───── Information provided

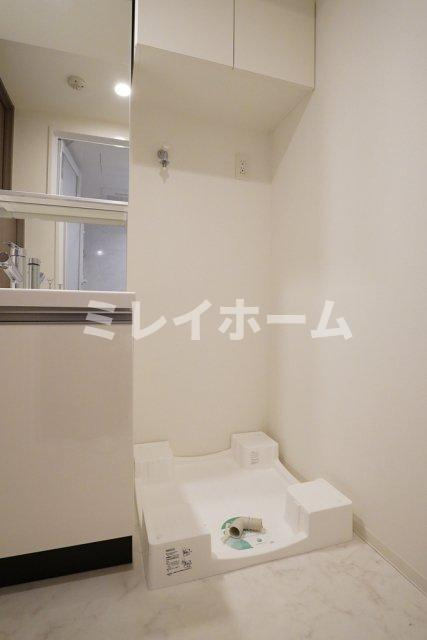 ＴＡＳ田園調布レジデンスの設備
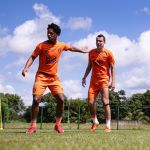 Sport visita o Mirassol em busca de reação no Campeonato Brasileiro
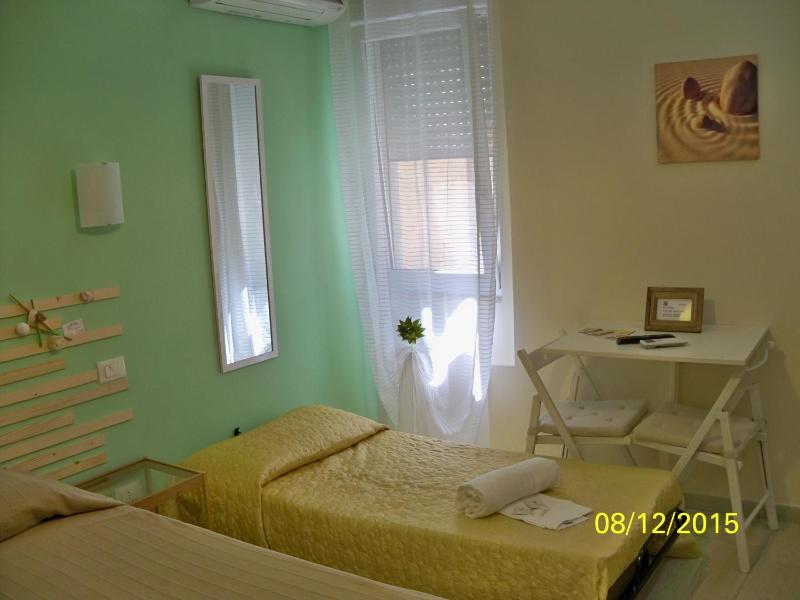 Triple Room image 4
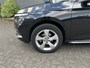 Skoda Kamiq 1.0 TSI Business - EDITION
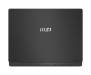 Ноутбук MSI Prestige 16 AI Evo B2HM (B2HMG-078UA)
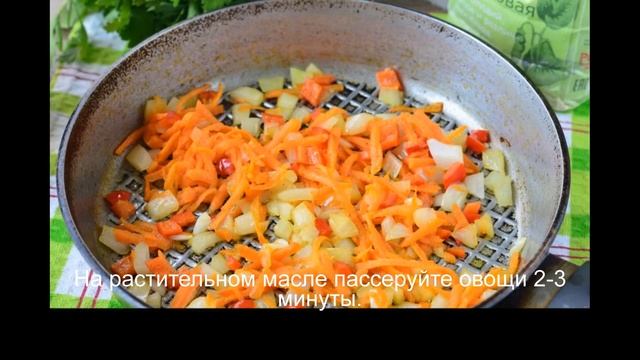 Научные Открытия и Изобретения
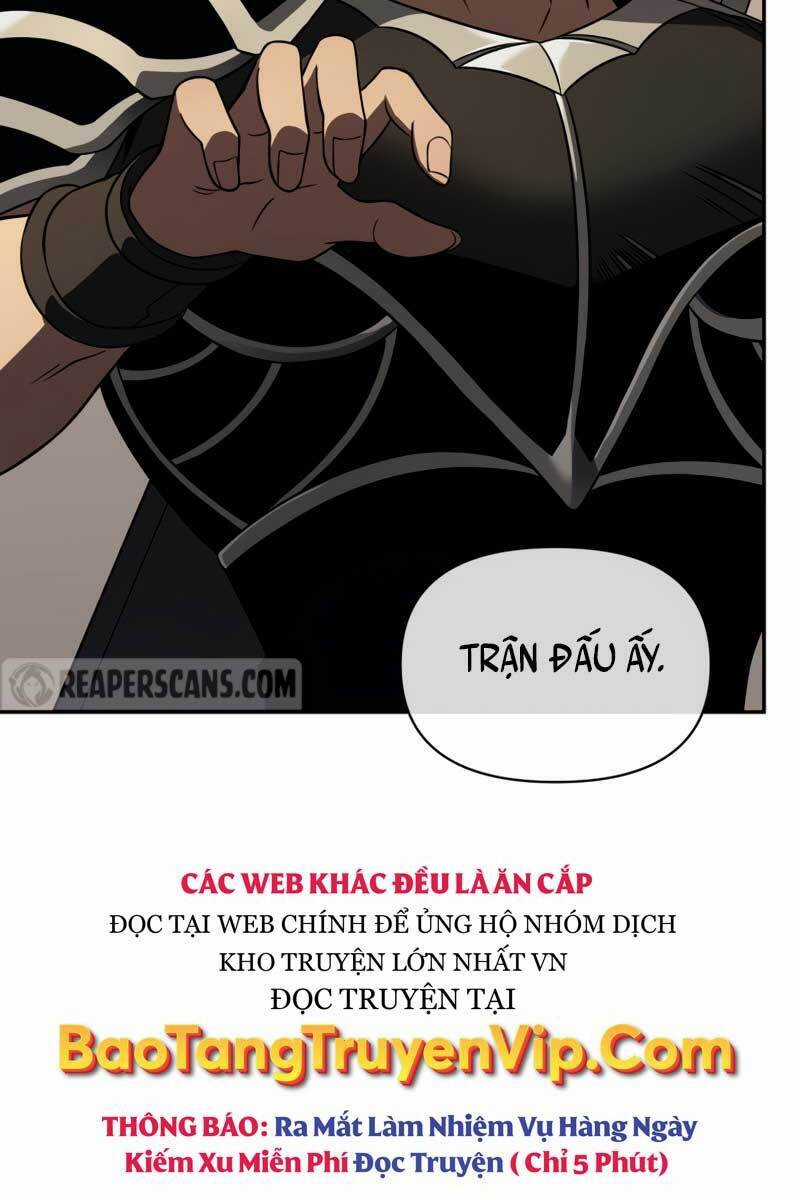 Người Chơi Trở Lại Sau 10000 Năm Chương 32 trang 60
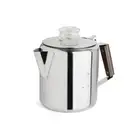 Brew Stainless Steel Stovetop Coffee Percolator 26 Cup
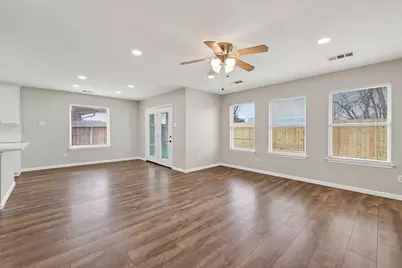 21519 Sapphire Court, Katy, TX 77449 - Photo 19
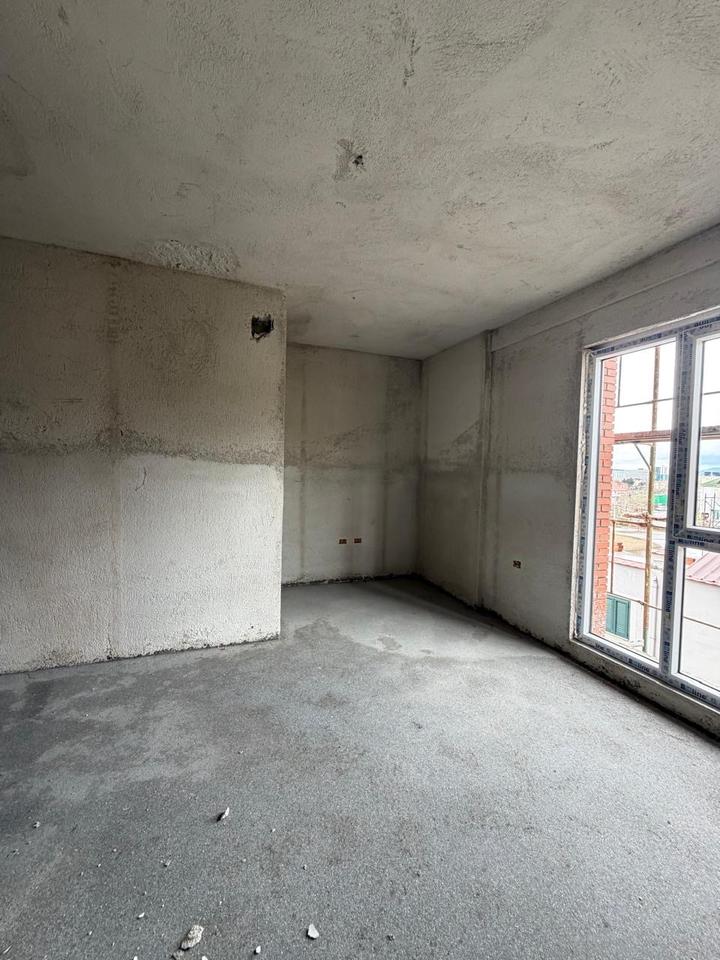 Shitet apartamenti 3+1+2 ne Babrru,te Tirana View Residenc!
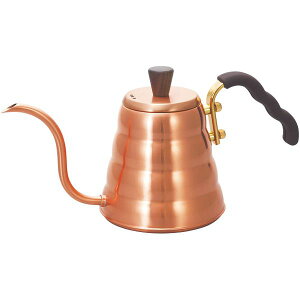yTԂ z nI Lb`pi  Mtg R[q[|bg HARIO V60 hbvPg H[mJp[ 900ml o l\ o Ԃ r @  Au 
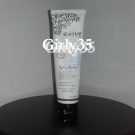 Swatch de Girly35 : Gel Nettoyant Démaquillant, Saeve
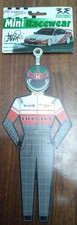 Rare btcc honda for sale  WAKEFIELD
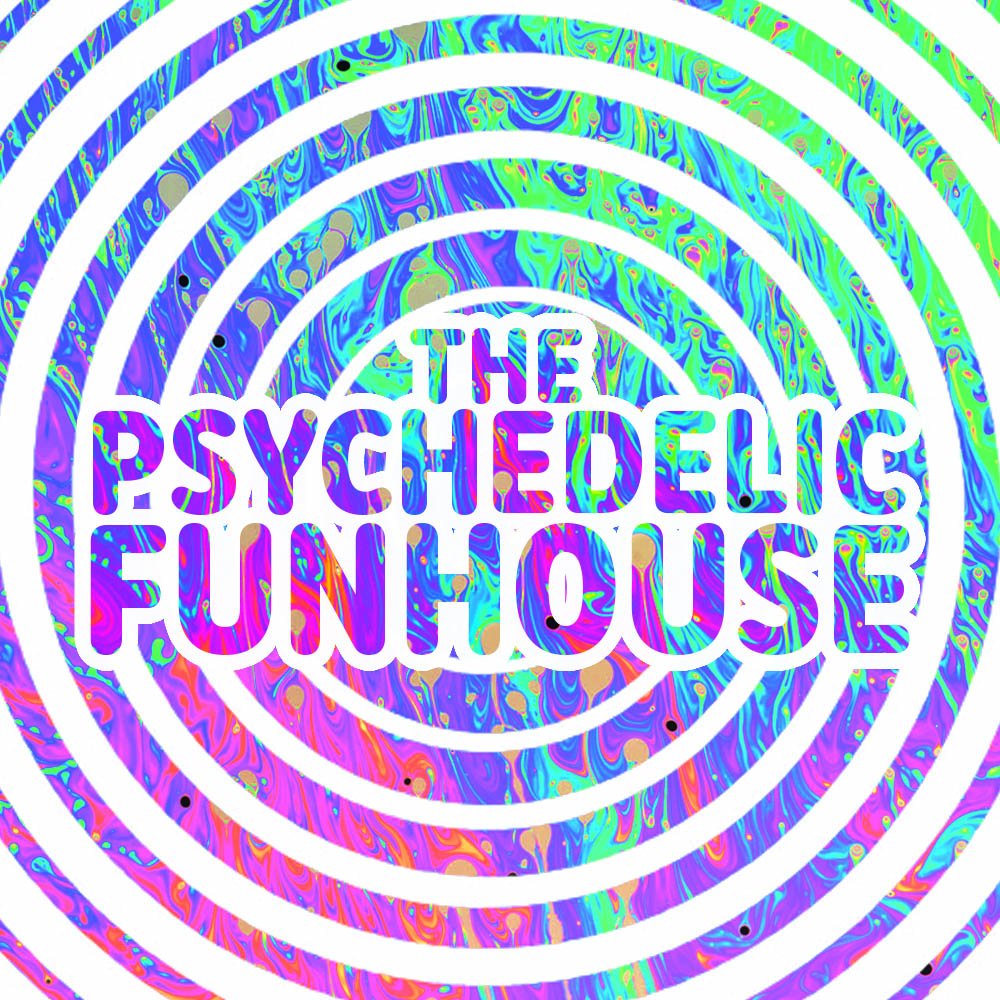 Tramshed Cardiff tweet media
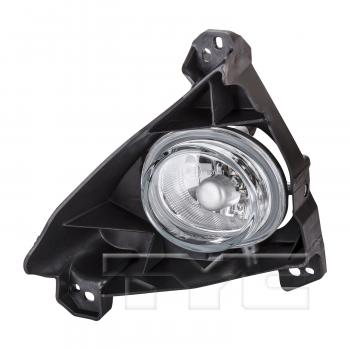 TYC 1912154001 product image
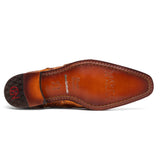 Olivieri In Cognac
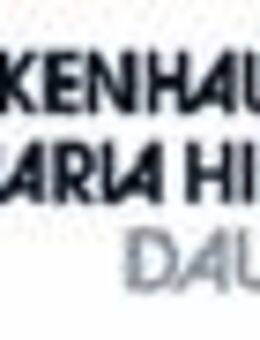 Personalsachbearbeiter (m/w/d) - Daun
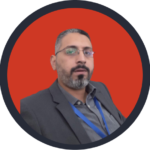 Mohamed Abdelmotaal Abdelhadi Ahmed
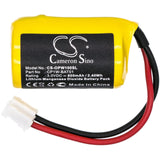 battery-for-omron-cp1w-bat01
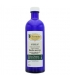BIO-Hydrolat Pfefferminz - 200ml - L\'Essencier
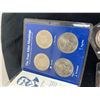 Image 8 : Klondike Dollars and Collectibles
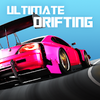 Ultimate Drifting(����Ư��2019)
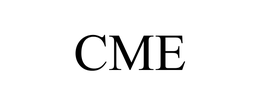 CME trademark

──────────

* **Work to be completed**: Please output the lines from the line that contains "Swatch de Girly35" through the end of the records, both ends included, exactly and with no pictures.

* **Exercise response**:
 Swatch de Girly35 : Gel Nettoyant Démaquillant, Saeve
 Rare btcc honda for sale  WAKEFIELD
 Tramshed Cardiff tweet media
 TYC 1912154001 product image
 Olivieri In Cognac
 Personalsachbearbeiter (m/w/d) - Daun
 Mohamed Abdelmotaal Abdelhadi Ahmed
 battery-for-omron-cp1w-bat01
BIO-Hydrolat Pfefferminz - 200ml - L\'Essencier
 Image 8 : Klondike Dollars and Collectibles
 Ultimate Drifting(����Ư��2019)
 CME trademark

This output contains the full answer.